The Irish Cattle and Sheep Farmers Association (ICSA) has called on the Department of Agriculture to provide weekly reports on the number and origin of lambs imported into the Republic of Ireland.

There was a need for greater transparency around sheep imports, according to ICSA sheep chair Sean McNamara.

“We know that in any given year approximately half a million lambs are imported into the Republic for slaughter. Sheep farmers deserve to know why these lambs are being brought in and in such big numbers, and why local producers are getting a raw deal.”


McNamara also called for transparency around which markets imported lambs serviced. Farmers needed a comprehensive explanation to assure them imported lambs were not sold as under the Origin Green label, he added.

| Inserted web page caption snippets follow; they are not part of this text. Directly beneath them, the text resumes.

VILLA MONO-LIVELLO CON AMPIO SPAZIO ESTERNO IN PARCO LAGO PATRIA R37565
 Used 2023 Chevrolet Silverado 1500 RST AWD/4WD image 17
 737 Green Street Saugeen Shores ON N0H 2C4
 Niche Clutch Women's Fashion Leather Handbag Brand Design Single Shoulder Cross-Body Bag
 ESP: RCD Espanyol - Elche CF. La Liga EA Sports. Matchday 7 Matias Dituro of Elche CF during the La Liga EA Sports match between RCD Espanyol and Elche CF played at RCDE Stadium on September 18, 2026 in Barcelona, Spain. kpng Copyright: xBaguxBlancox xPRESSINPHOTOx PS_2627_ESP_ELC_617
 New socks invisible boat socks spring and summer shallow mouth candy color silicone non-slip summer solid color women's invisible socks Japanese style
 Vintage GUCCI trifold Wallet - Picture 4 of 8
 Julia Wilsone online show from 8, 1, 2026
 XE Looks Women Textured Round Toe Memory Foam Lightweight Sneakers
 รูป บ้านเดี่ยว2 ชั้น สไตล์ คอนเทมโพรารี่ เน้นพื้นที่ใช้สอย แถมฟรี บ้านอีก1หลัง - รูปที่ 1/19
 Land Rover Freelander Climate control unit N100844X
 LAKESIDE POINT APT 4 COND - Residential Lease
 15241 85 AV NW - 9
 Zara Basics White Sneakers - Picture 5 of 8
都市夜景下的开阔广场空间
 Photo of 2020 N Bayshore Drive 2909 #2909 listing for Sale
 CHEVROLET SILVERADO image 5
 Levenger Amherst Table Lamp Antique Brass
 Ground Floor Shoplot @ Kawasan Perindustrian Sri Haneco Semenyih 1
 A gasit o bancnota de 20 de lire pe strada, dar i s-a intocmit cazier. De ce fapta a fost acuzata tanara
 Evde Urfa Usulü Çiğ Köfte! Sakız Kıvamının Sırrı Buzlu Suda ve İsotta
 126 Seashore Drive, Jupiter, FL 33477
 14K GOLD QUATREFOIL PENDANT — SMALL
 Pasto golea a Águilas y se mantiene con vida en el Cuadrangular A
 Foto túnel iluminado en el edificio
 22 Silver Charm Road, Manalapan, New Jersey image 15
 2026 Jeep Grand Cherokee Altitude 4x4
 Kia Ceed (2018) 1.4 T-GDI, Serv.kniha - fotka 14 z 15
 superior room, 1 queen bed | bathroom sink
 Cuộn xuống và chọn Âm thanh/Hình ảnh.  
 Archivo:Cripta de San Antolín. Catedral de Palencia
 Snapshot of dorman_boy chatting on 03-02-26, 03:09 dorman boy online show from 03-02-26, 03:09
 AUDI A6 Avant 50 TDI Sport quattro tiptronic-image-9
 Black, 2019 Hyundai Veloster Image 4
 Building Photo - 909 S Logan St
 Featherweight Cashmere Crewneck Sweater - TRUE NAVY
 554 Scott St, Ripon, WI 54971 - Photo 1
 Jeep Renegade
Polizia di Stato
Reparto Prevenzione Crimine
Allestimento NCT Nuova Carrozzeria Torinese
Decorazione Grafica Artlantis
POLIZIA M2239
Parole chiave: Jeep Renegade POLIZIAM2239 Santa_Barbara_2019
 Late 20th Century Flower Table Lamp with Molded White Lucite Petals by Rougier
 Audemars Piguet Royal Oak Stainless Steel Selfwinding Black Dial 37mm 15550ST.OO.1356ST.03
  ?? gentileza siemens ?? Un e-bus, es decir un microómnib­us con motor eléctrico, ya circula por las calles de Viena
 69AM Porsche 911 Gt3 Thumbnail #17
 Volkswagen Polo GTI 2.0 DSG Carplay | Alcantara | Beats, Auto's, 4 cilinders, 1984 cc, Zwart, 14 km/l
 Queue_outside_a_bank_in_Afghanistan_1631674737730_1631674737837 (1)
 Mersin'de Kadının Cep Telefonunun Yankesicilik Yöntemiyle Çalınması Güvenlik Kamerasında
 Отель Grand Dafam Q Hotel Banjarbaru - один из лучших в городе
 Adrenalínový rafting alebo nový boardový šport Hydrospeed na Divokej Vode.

McNamara also criticised what he said were double standards on weight limits. Local suppliers were being paid up to 21.5kg but the ICSA had heard some factories were prepared to pay up to 22kg for imported lambs, McNamara said.


“It is time they gave us an explanation for these double standards,” he said.

“ICSA members from around the country have been monitoring the situation at factories and it would appear the practice of differentiating between local and imported lambs on weight limits is widespread.”

“Sheep farmers want a level playing field. We see no reason at all for factories to be importing lambs from the north and elsewhere, and there certainly can be no justification for paying more for imported lambs,” he concluded.